Aqui uma coisa interessante acontece. A banda faz um disco diferente do que costumava fazer, deixando de um jeito claro: mais rock. As músicas tem temáticas um pouco mais diversificadas, talvez essa é a prova definitiva que a banda tinha talento para fazer o que bem entendesse do jeito deles e ficaria bom.
Novamente é um disco com vários artistas convidados para enriquecer a música. A saída do Richard Sinclair (para formar o Hatfield and the North) e a volta do David Sinclair para os teclados foi o principal motivo do jazz estar fora de foco aqui e o uso de ritmos mais agitados (dançantes, como eles diziam na Inglaterra).
Para quem não está acostumado com o prog rock de Canterbury vai achar esse disco o mais acessível. Mas o disco é bom pra caramba mesmo, mesmo agregando outras frentes da música eles ainda fizeram o progressivo que lhes era familiar.
Na minha opinião os pontos altos são:
Memory Lain, Hugh / Headloss com sua introdução meio country feita com viola, ritmo animado durante as partes com letra e batida mais hard rock (principalmente a guitarra e a bateria intensa).
C'thlu Thlu com seu tom tenebroso que é quebrado pelo refrão cantado no estilo pop e do meio ao fim rola um som atmosférico e obscuro a lá King Crimson, me lembra Blue Oyster Cult também. O baixo é a estrela da música definitivamente.
The Dog, The Dog, He's At It Again é tipo um rock dos anos 60 feito com o cuidado especial do progressivo. Música melódica e nostálgica.

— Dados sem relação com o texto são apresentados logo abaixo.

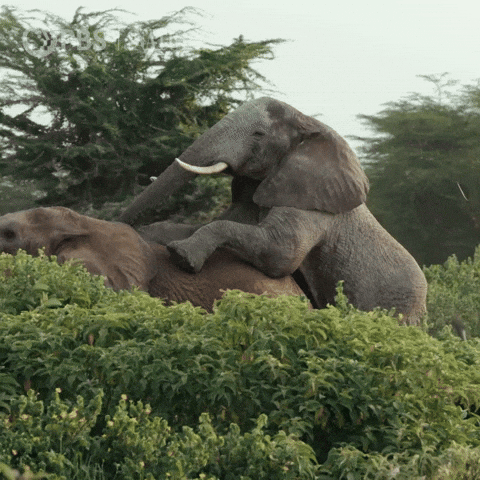 Explore Pbs Nature GIF by Nature on PBS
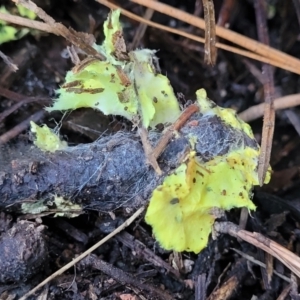 Austeria citrea at Coree, ACT - 15 Jul 2022 01:17 PM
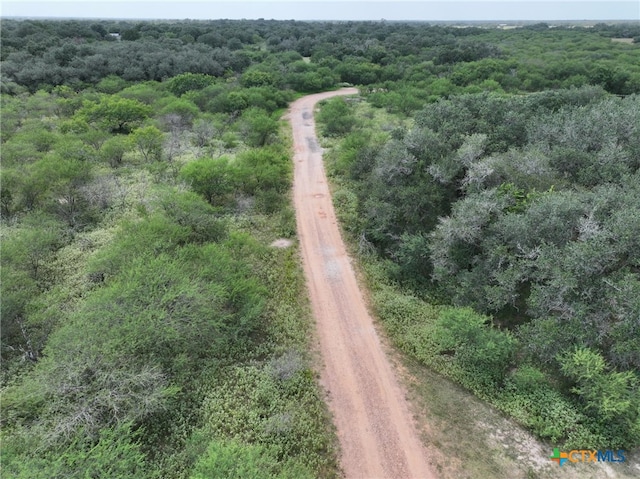 000 Bego Rd, Goliad, TX 77963 - photo 17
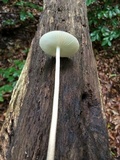 Xerula megalospora image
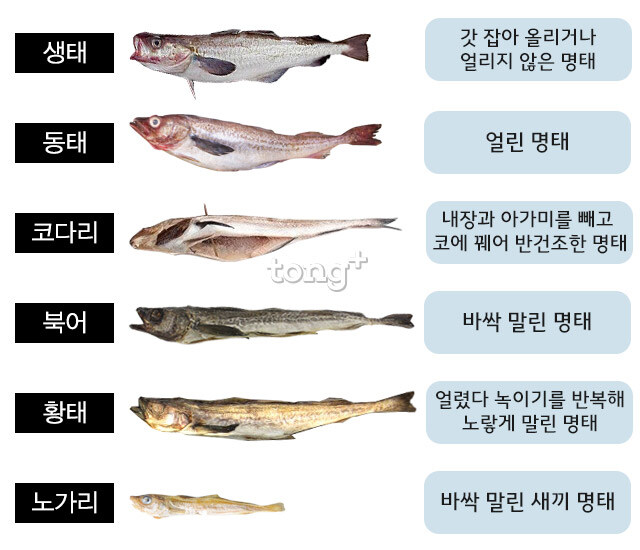 한국에서 이브이를 상징하는 생선류 甲_1.jpg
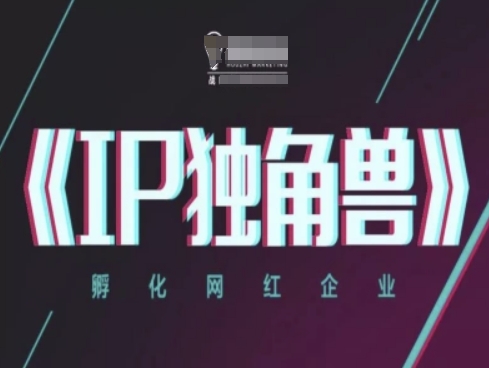 IP独角兽，孵化网红企业，ip教程小白网创_互联网创业项目_网络创业小白网创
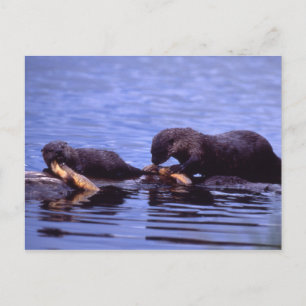 River Otters Wildlife Series # 15 Postcard Postkarte
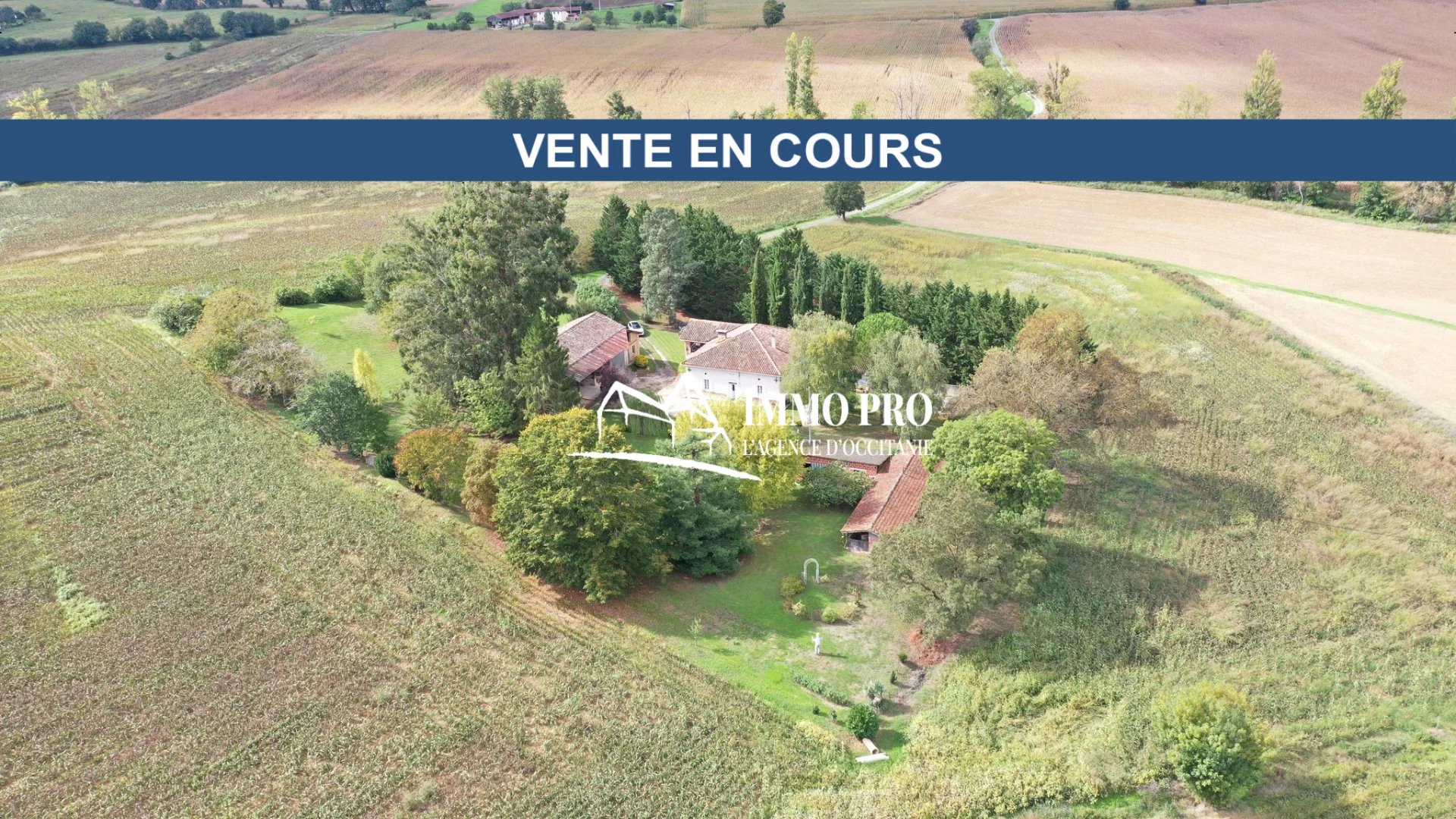 f5e934cea8d06dd4db095fafd52d7cf9_ec9d367ad5_1920-original-70042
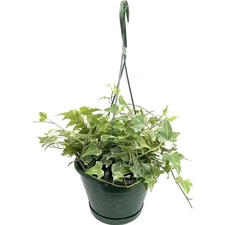 Variegated English Ivy Hanging Basket-Live Plant in an 8 In. Pot-Hedera Helix-Ai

L'auberge du Sanglier / A Hunting We Shall Go / Pengola / Backwards / A Hunting We Shall Go que é o principal trabalho do disco. Coincidentemente ou não eles sempre botam as melhores como últimas faixas. Música mais sinfônica deles, a que soa mais grandiosa. Ela não é necessariamente um exagero de teclado com tom alto, tema medieval/barroco proeminente, é só o jeito que a música segue, ela dá essa sensação de majestosidade. O violoncelo elétrico ajuda a dar essa impressão forte, há vários sons acontecendo de forma harmoniosa e que evoluem de acordo com o ritmo dado, a própria definição de rock progressivo.
É isso folks, sábado eu faço um desses para Soft Machine e o resto eu penso no caso.